I was determined to get up close and experience being in a place where humans are not the masters of all we seea place where we are at least one link down the food chain. For four days, guide Tom Ellison's seventy-two-foot ketch served as our mother ship for exploration. Anchored in a sheltered cove, we were surrounded by slopes of old-growth cedar and snowy peaks soaring nearly seven thousand feet above the tide. Himself an imposing figure, Ellison's weathered features betrayed a long association with the wilderness and the sea. He knew these bears better than anyone.
We wandered the rainforest in heavy downpours and soft, persistent mist. More than nine feet of precipitation soaks this part of the coast each year and the resulting jungle is dark and primeval. Grizzly bears play an integral role in this environment, consuming huge quantities of salmon and conveying valuable nitrogen fertilizer deep into the forest. They are the unwitting gardeners of some of the world's oldest, biggest trees. In North America, before the advent of industrial logging, temperate rainforests once stretched along the West Coast from California's giant sequoias to Alaska's majestic Sitka spruce. Among the world's rarest ecosystems, temperate rainforests never covered more than one-fifth of i percent of the planet's land surface. Today, less than one-half of that small amount remains.

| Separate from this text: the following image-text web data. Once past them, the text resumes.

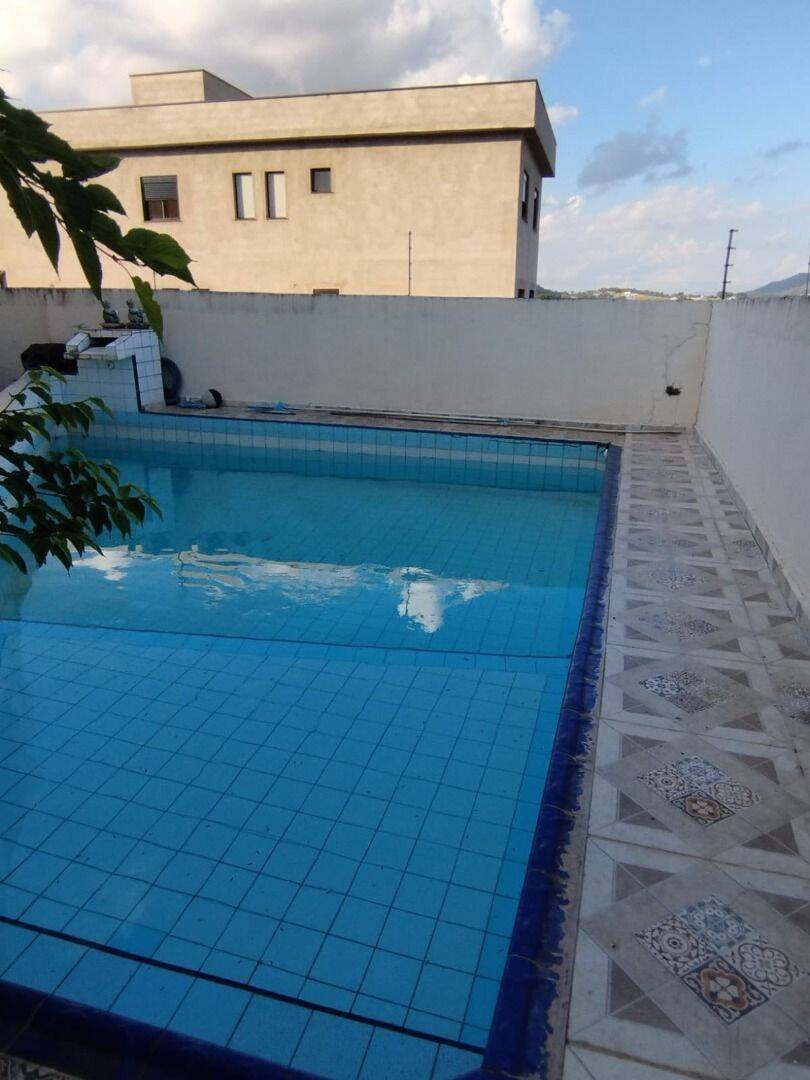 Sobrado, 4 quartos, 317 m² - Foto 2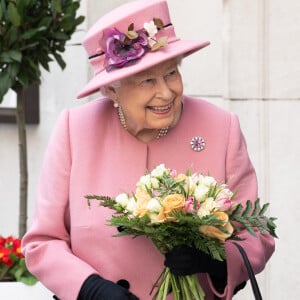 La reine Elisabeth II d'Angleterre et Kate Catherine Middleton, duchesse de Cambridge, viennent inaugurer la ré-ouverture de la "Bush House" à Londres. Le 19 mars 2019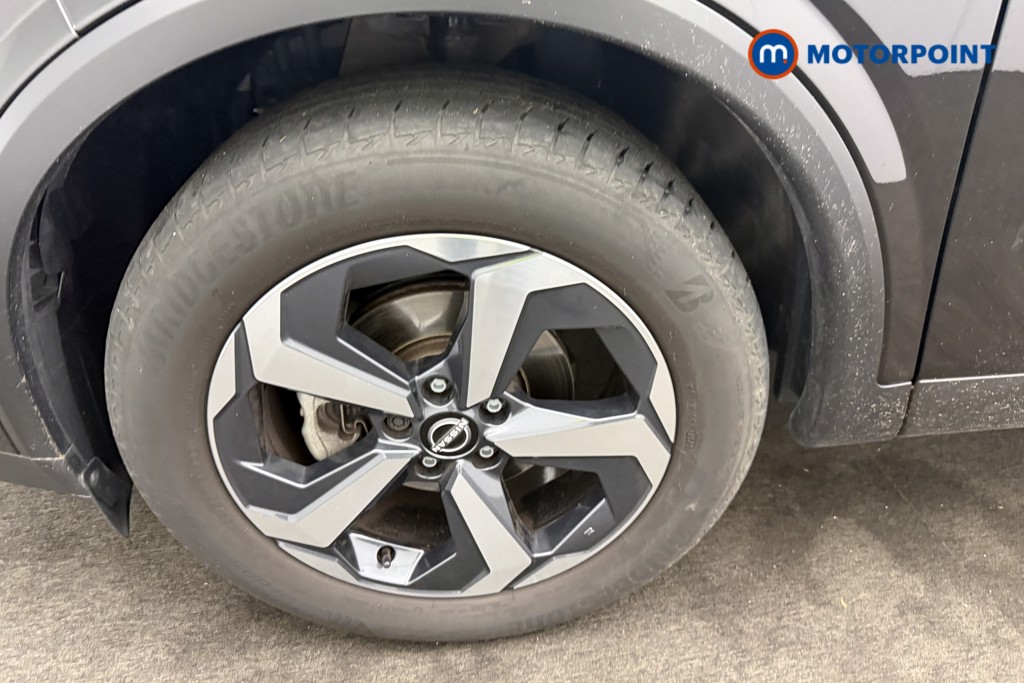 Nissan Qashqai N-Connecta Automatic Petrol SUV - Stock Number (1586102) - 30th supplementary image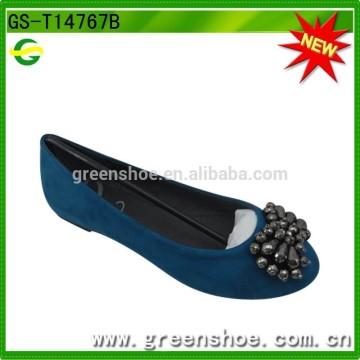 woman flat feet shoes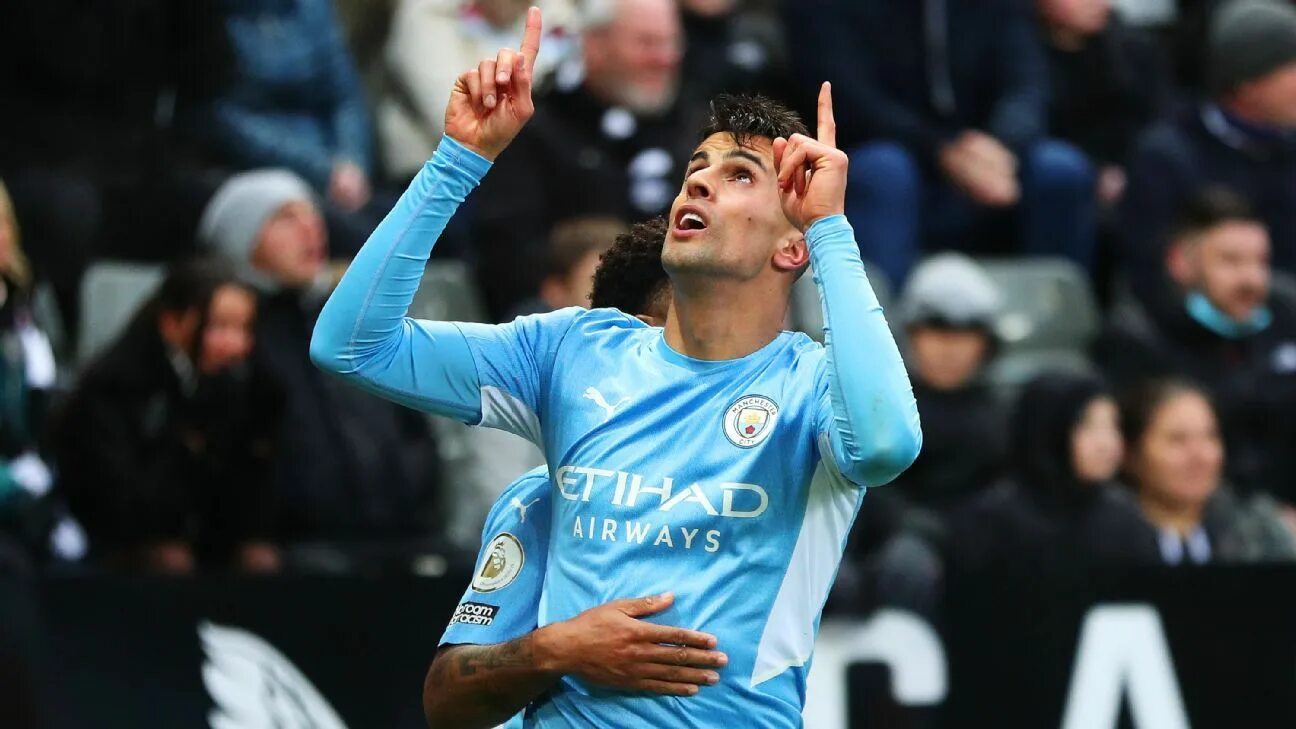 Joao Cancelo Manchester City. Canselo man City. Манчестер Сити криптовалюта. Фотографии Хасе в Манчестер Сити. Манчестер сити ньюкасл прямой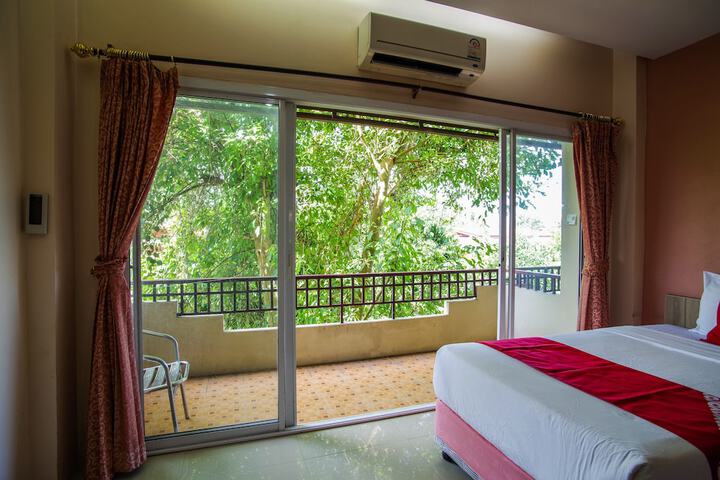 Room 10 of 49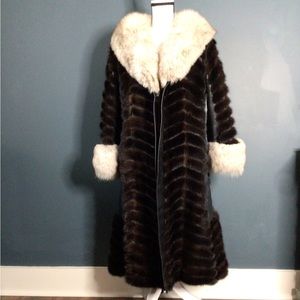 Faden Fur Merrick NY Unique Fur & Embossed Leather Coat M Brown W/Contrast Trim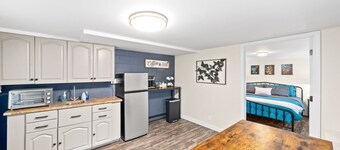 King Suite near APSU & Downtown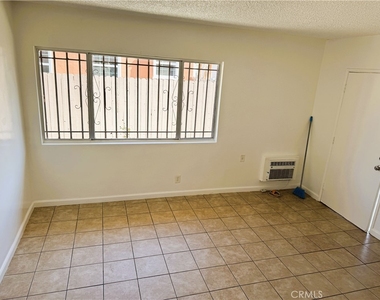 2672 S Redondo Boulevard - Photo Thumbnail 3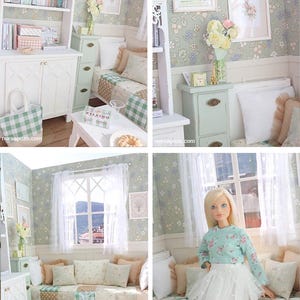 Może przedstawiać: Miniaturowe wnętrze domku dla lalek z kwiatową tapetą, białymi meblami i oprawionymi dziełami sztuki. Scena obejmuje sofę, st&oacute;ł i lalkę. Paleta kolor&oacute;w jest miękka, z pastelowymi odcieniami zieleni, bieli i beżu. Zielono-biała torba w kratę leży na podłodze.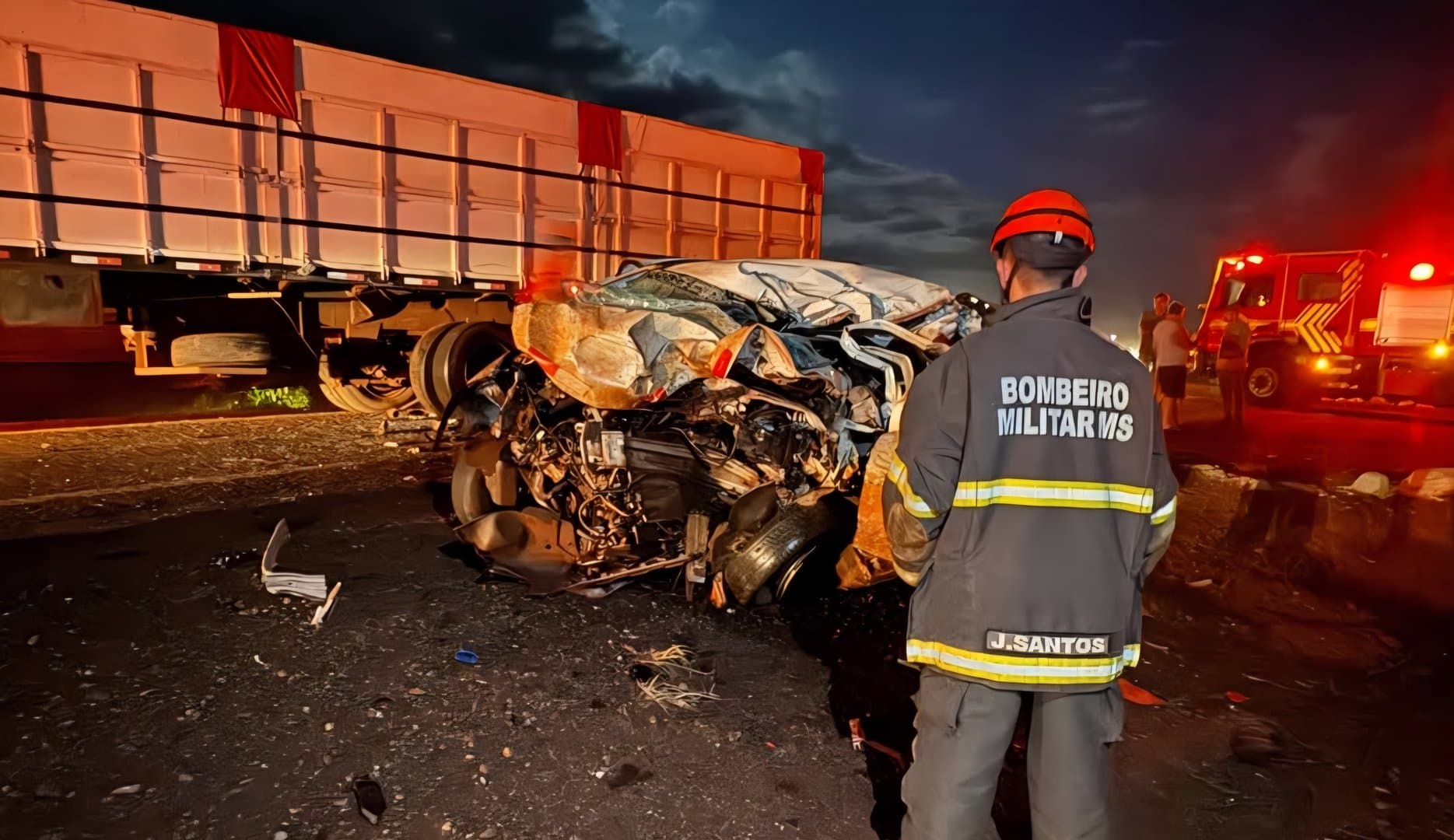 São identificados os três homens que morreram em grave acidente entre carro e carreta na BR-267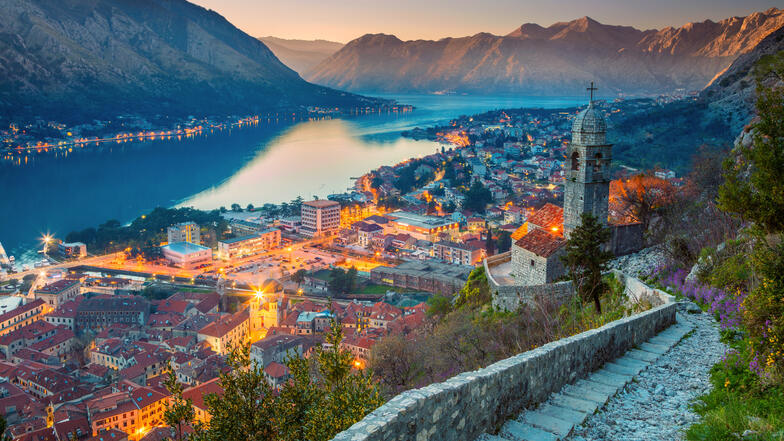 Genießen Sie den Sonnenuntergang in Kotor, Montenegro.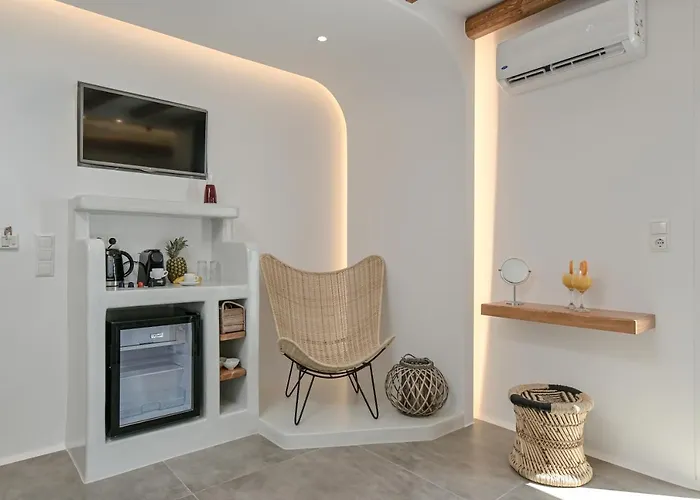 Naxos Blue Sky Hotel 2*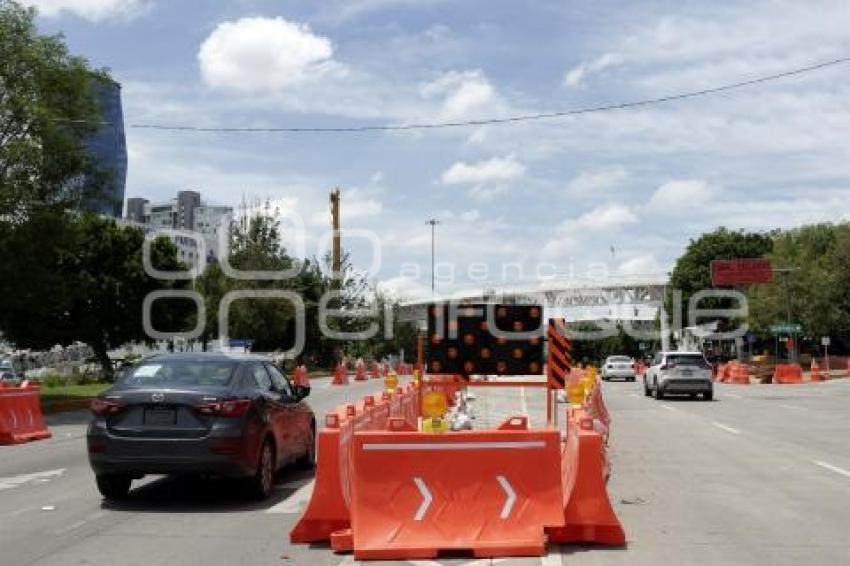 VÍA ATLIXCÁYOTL . PUENTE ELEVADO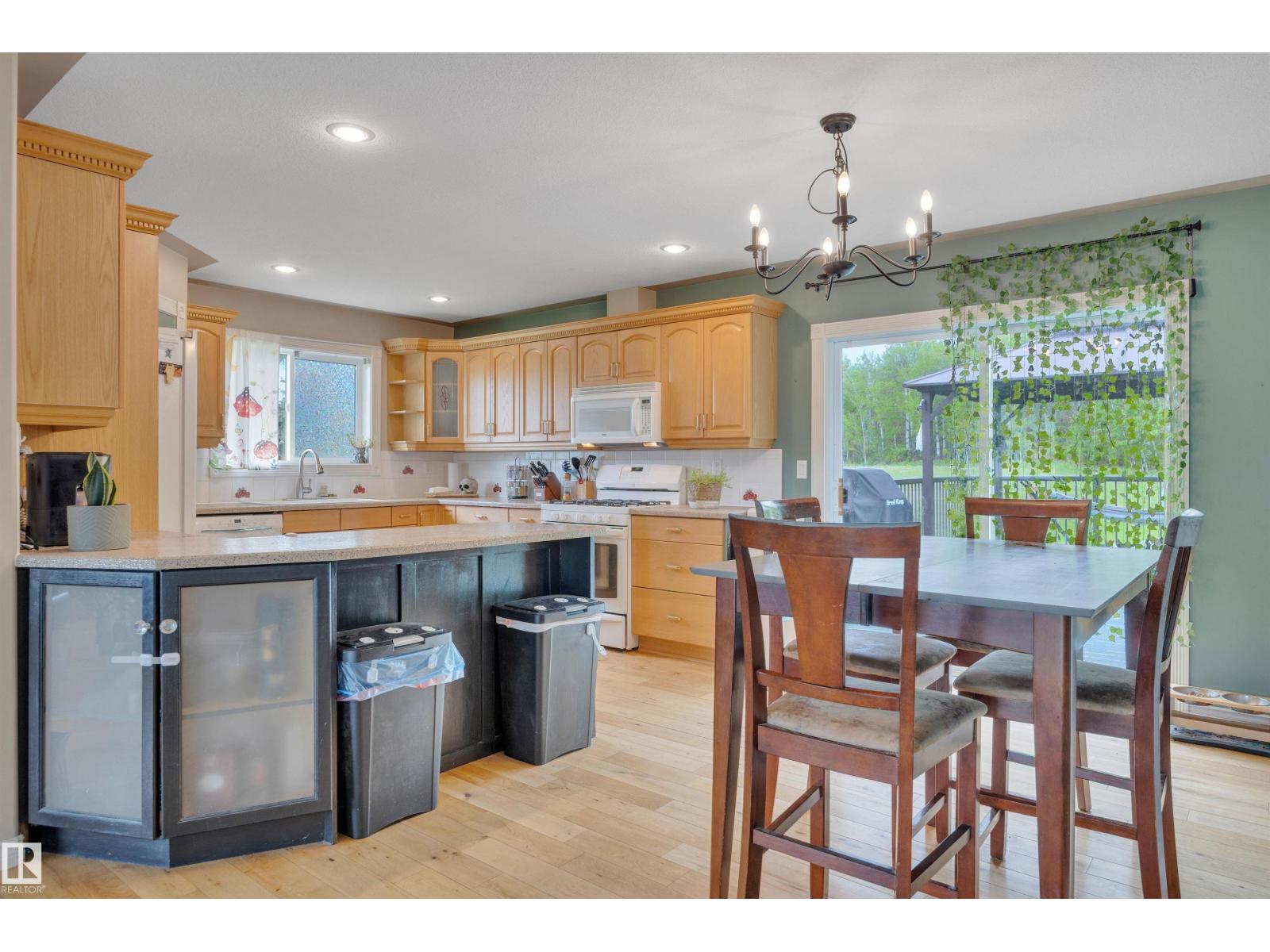 60, 20508 Township Road 502 - 14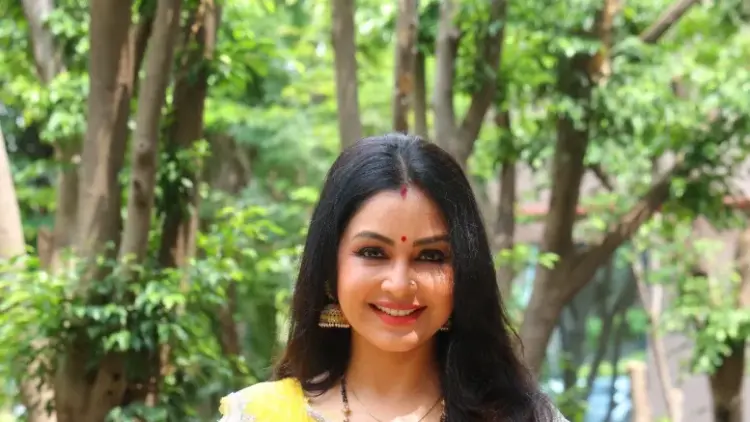 Shubhangi Atre recollects how her family used to host over 100 guests during Ganeshotsav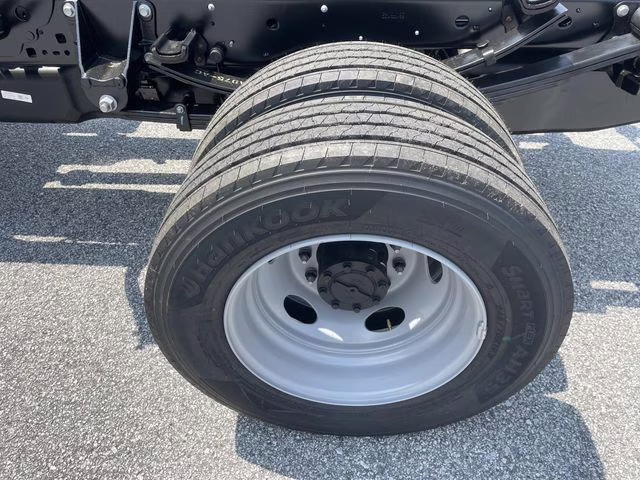 2025 Oxford White Ford F-600SD XL 4X4 Chassis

On one of our forest walks, we found a bear trail below an old hemlock tree. Unlike other animal or human paths, where an unbroken line is traced on the earth, here each bear carefully placed its paws in exactly the same spot as the bears that passed before it. The result was a series of round, measured paw pads in the bright green moss. Some speculate that these trails are ancient pathways, trod by untold generations. Passing bears have also left their marks on nearby scratch trees, which provide temporary relief from an itchy back and serve as a kind of social register with scent, bits of fur, and claw marks that let other bears know who's in the neighborhood.
I was fully aware that these bears could tear me apart. Although the vast majority of encounters between people and bears are peaceful in this part of the world, every couple of years someone gets killed. However, within this protected, pristine environment, bears have not learned to fear humans or associate us with handouts or garbage. Here, it is possible to meet them on unencumbered terms.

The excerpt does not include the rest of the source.